Task directions: Could you give back exactly the lines below from the one with "Angelina Jolie: Sale" through the one with "କଣ୍ଟେନର ଜାହାଜ ବିକ୍ରୟ ପାଇଁ", without a single picture?

Records shown:
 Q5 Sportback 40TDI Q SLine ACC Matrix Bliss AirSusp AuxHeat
...
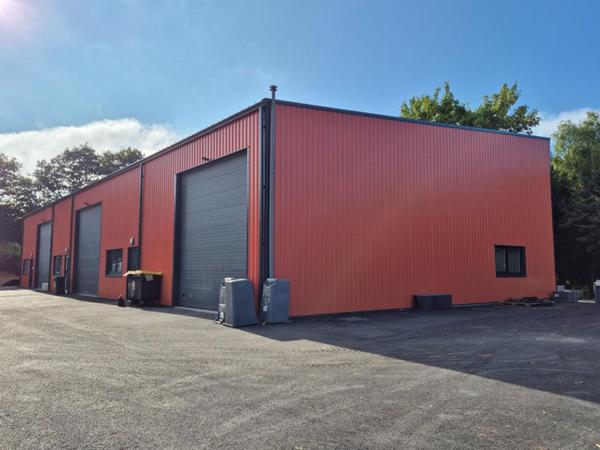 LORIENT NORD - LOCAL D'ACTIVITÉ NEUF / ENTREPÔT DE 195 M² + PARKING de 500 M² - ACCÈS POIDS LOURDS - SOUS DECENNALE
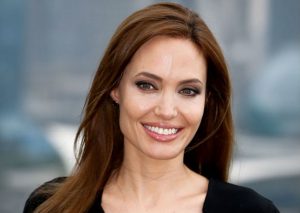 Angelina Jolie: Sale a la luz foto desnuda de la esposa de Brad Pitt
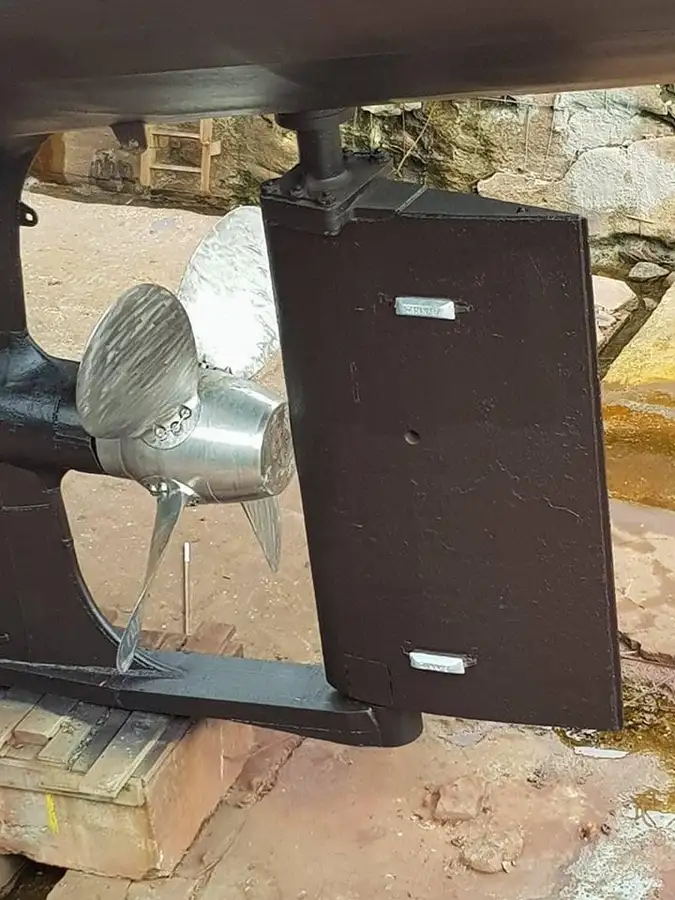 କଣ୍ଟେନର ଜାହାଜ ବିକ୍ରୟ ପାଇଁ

Expected output:
 Angelina Jolie: Sale a la luz foto desnuda de la esposa de Brad Pitt
 କଣ୍ଟେନର ଜାହାଜ ବିକ୍ରୟ ପାଇଁ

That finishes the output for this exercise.